On 25 April 1631, Mervin Touchet, 2nd Earl of Castlehaven, was tried before a jury of his peers assembled at a specially convened Court of the Lord High Steward. He was charged with horrific crimes. The prosecution claimed that Castlehaven had arranged for his second wife—Anne Stanley, daughter of William Stanley, Earl of Derby, and widow of Grey Brydges, Baron Chandos—to be raped by a servant, Giles Broadway. The prosecution also contended that Castlehaven had committed sodomy with another of his manservants, Florence (or Lawrence) Fitzpatrick. Despite serious problems with the evidence against the Earl, some of which he exploited in his vigorous self-defence, the jury of twenty-seven peers of the realm found Castlehaven guilty on both charges.
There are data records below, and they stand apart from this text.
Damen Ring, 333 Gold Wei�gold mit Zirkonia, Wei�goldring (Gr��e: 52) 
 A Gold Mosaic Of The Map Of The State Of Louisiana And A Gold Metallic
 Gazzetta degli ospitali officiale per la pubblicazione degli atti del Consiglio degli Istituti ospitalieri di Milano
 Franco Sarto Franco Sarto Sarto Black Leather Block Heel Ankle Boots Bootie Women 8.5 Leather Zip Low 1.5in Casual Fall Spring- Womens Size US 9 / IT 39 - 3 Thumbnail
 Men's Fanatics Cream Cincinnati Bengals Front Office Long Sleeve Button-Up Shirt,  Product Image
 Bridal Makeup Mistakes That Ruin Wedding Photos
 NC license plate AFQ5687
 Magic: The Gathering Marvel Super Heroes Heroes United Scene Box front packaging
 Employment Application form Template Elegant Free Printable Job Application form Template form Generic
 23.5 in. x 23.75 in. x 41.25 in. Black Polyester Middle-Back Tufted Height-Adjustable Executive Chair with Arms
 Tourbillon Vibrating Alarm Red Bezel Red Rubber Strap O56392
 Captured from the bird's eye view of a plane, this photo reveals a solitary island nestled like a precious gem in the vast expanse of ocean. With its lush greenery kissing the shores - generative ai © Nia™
He was executed for his crimes on 14 May 1631, beheaded on Tower Hill.
The Castlehaven case was by far the most sensational aristocratic scandal of the 1630s, determinedly prosecuted by a king intent on enforcing much stricter codes of sexual morality. Cynthia Herrup has brilliantly reinterpreted the case in a recent study and has persuasively reconstructed the prosecution’s interpretation of Castlehaven’s crimes as threats to the patriarchal order. “The Castlehaven trial”, she writes, “despite the unimportance of its defendant (or perhaps because of it), became a canvas upon which an entire palette of social anxieties could be exhibited” (86-87). Six verse libels written in the wake of the scandal survive. The most popular—an epitaph written in Castlehaven’s voice—replicates the Earl’s defence in court, charging his wife with adultery and conspiracy against him. A second verse supports some of the epitaph’s allegations, while two others—written in the voice of the aggrieved Countess—directly counter them. Two other poems dwell on the performance of justice in the Castlehaven case, one mocking the proceedings and noting the legal weaknesses in the prosecution’s case, the other praising the proceedings and vilifying Castlehaven’s monstrous transgressions. Herrup (120-23) offers a concise and convincing reading of the libels and (160-64) prints modernized copies of the surviving poems.
We have relied on Herrup for a number of references to additional copies of the libels, in manuscripts which we have not been able to check. These manuscripts are: NCRO MS IL 3337; WCRO MS 413; TCD MS 731; Beinecke MS Osborn b.125; Beinecke MS Osborn b.126; Beinecke MS Osborn b.196. Unfortunately, some of Herrup’s references do not include folio or page numbers.